■ **Image-text web data**:

= = = = = = =

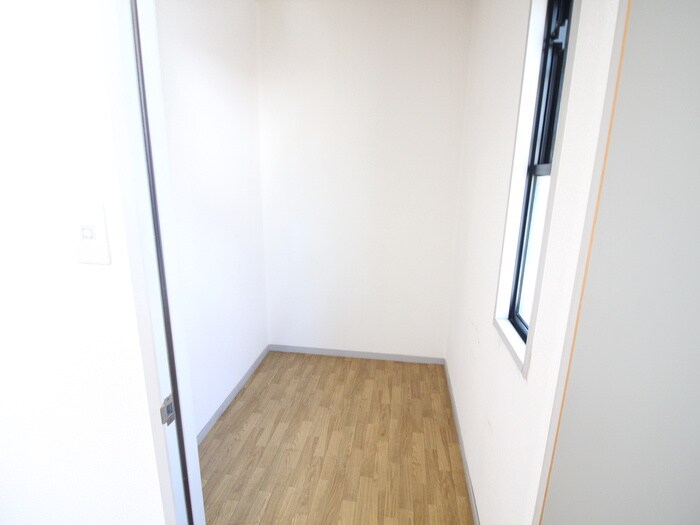 物件内観写真18　(収納)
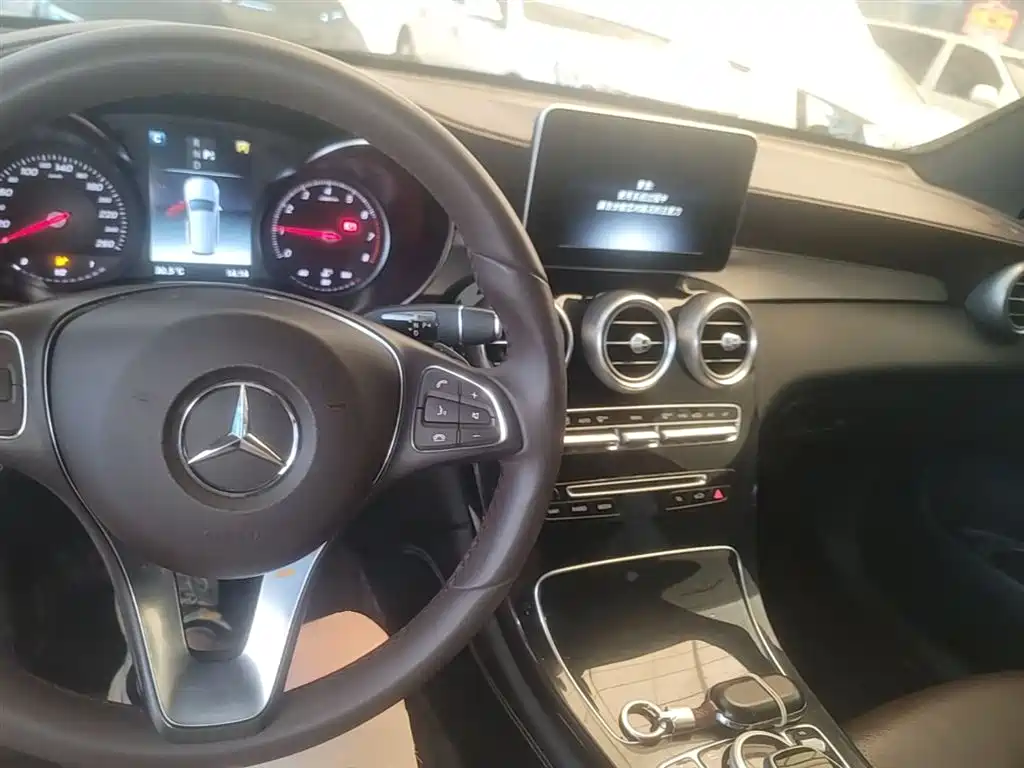 Mercedes-Benz GLC 2018 — фото 10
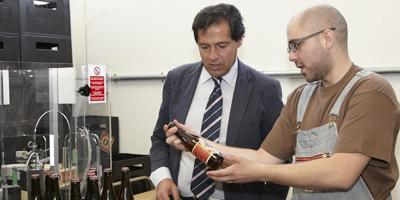El alcalde de Las Rozas visita la fábrica de cerveza ‘La Virgen’
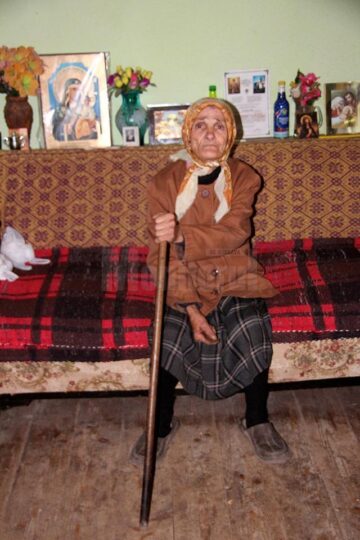 Camea în care locuiește bunica buclucașă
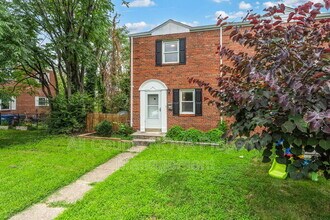 2236 Farrington Ave in Alexandria, VA - Building Photo - Building Photo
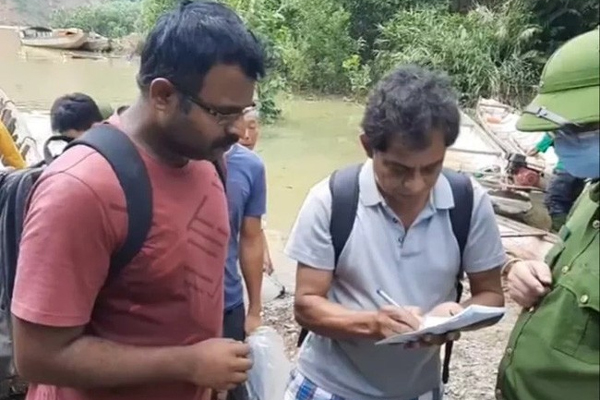 Hình ảnh gây sốc về trạm kiểm lâm nơi 13 chiến sĩ gặp nạn trên đường cứu hộ thủy điện Rào Trăng 3: Không còn gì ngoài đất đá, tiếng gọi còn ai không mãi không được đáp lời-10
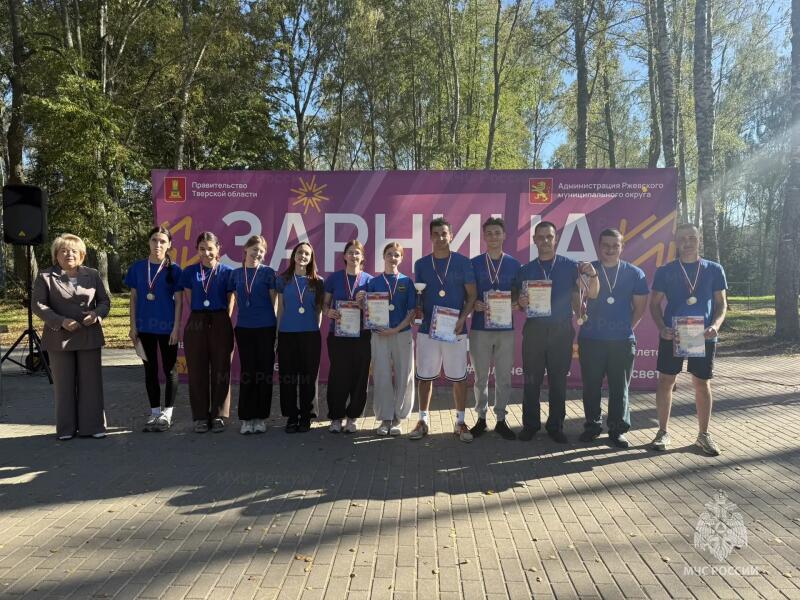 Сила, меткость, командный дух: сотрудники МЧС взяли серебро на Спартакиаде в Ржеве Сила, меткость, командный дух: сотрудники МЧС взяли серебро на Спартакиаде в Ржеве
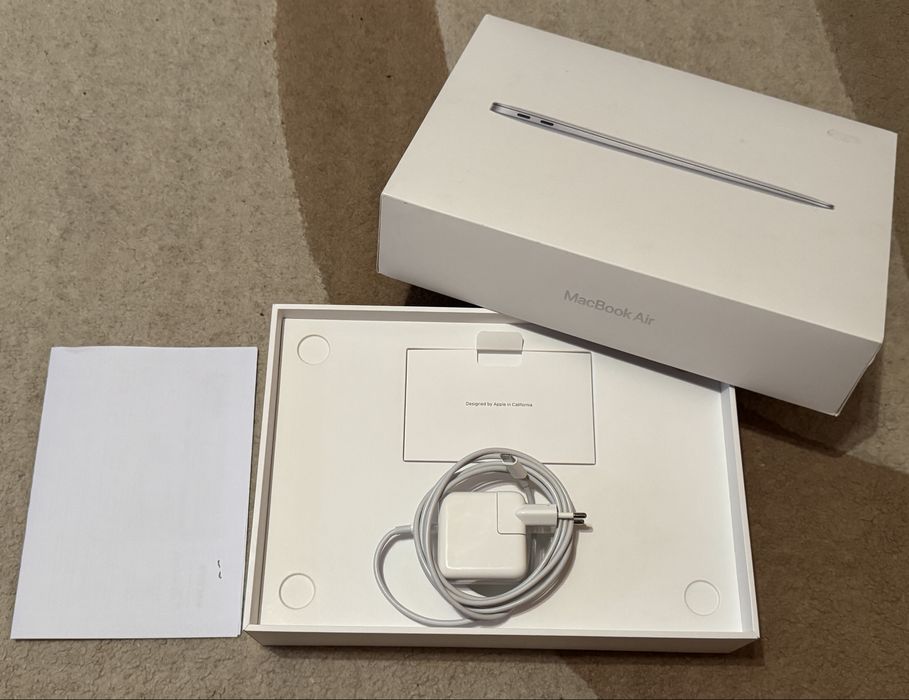 MacBook Air M1 13 inch 8/256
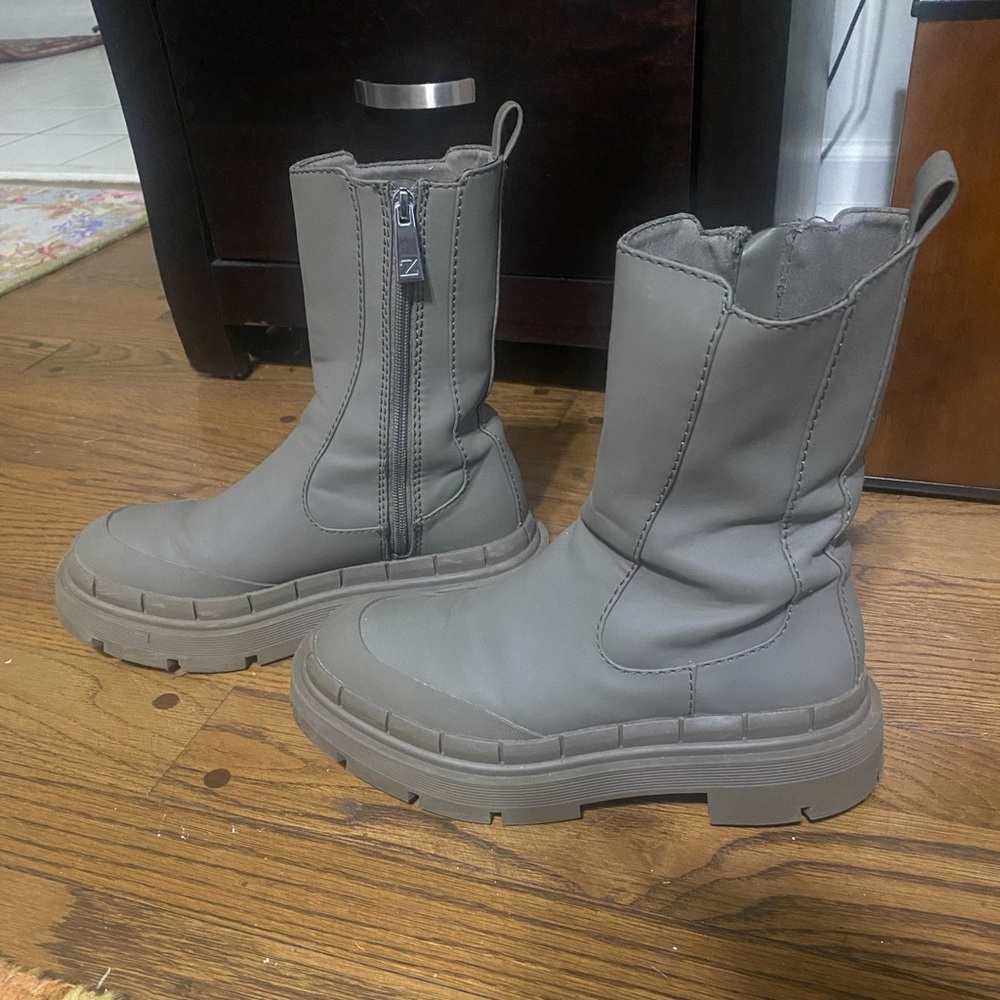 Zara chunky khaki/olive rain boots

= = = = = = =

■ **Exercise description**: Nothing but the lines above from the line with "Mercedes-Benz GLC 2018 — фото 10" up to and including the line with "Hình ảnh gây" should be returned, exactly as written and without pictures.

■ **Output of the exercise**:
 Mercedes-Benz GLC 2018 — фото 10
El alcalde de Las Rozas visita la fábrica de cerveza ‘La Virgen’
 Camea în care locuiește bunica buclucașă
 2236 Farrington Ave in Alexandria, VA - Building Photo - Building Photo
 Hình ảnh gây sốc về trạm kiểm lâm nơi 13 chiến sĩ gặp nạn trên đường cứu hộ thủy điện Rào Trăng 3: Không còn gì ngoài đất đá, tiếng gọi còn ai không mãi không được đáp lời-10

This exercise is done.